• What is needed: Could you restate the data below word for word, without its pictures?
Data provided Block Start
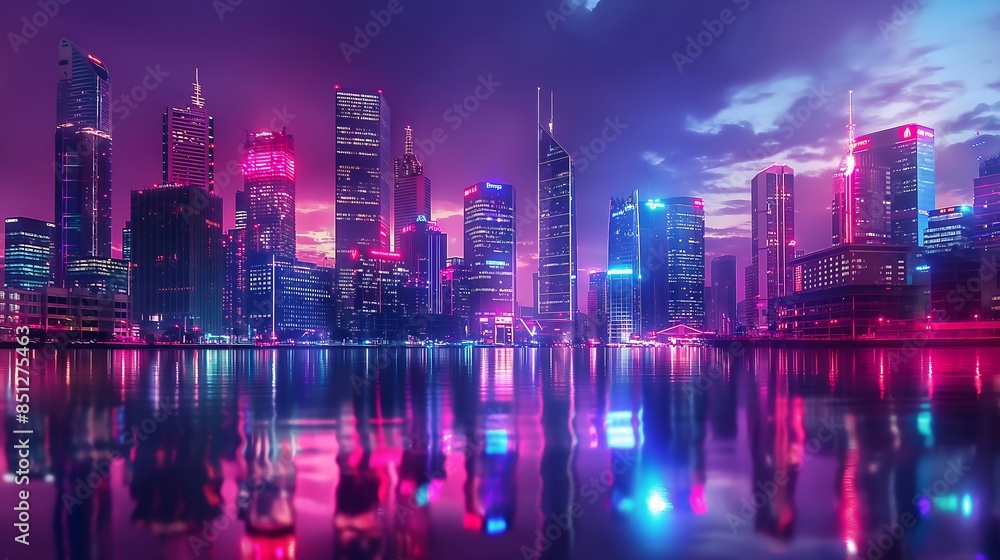 Obraz premium night city skyline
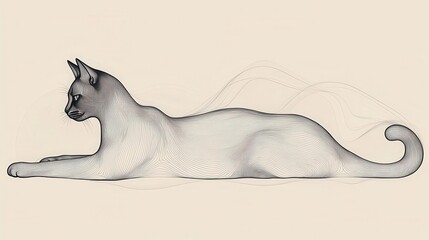 Elegant Pencil Drawing of a lying cat, showcasing its graceful form and serene expression against a soft background.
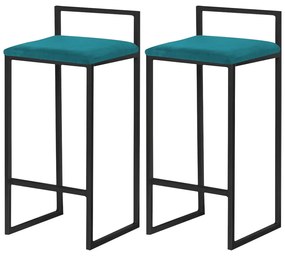 Kit 2 Banqueta Decorativa Selena Base Preta Suede Azul Claro G41 - Gran Belo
Data provided Block End
• Result below:
 Obraz premium night city skyline
 Elegant Pencil Drawing of a lying cat, showcasing its graceful form and serene expression against a soft background.
 Kit 2 Banqueta Decorativa Selena Base Preta Suede Azul Claro G41 - Gran Belo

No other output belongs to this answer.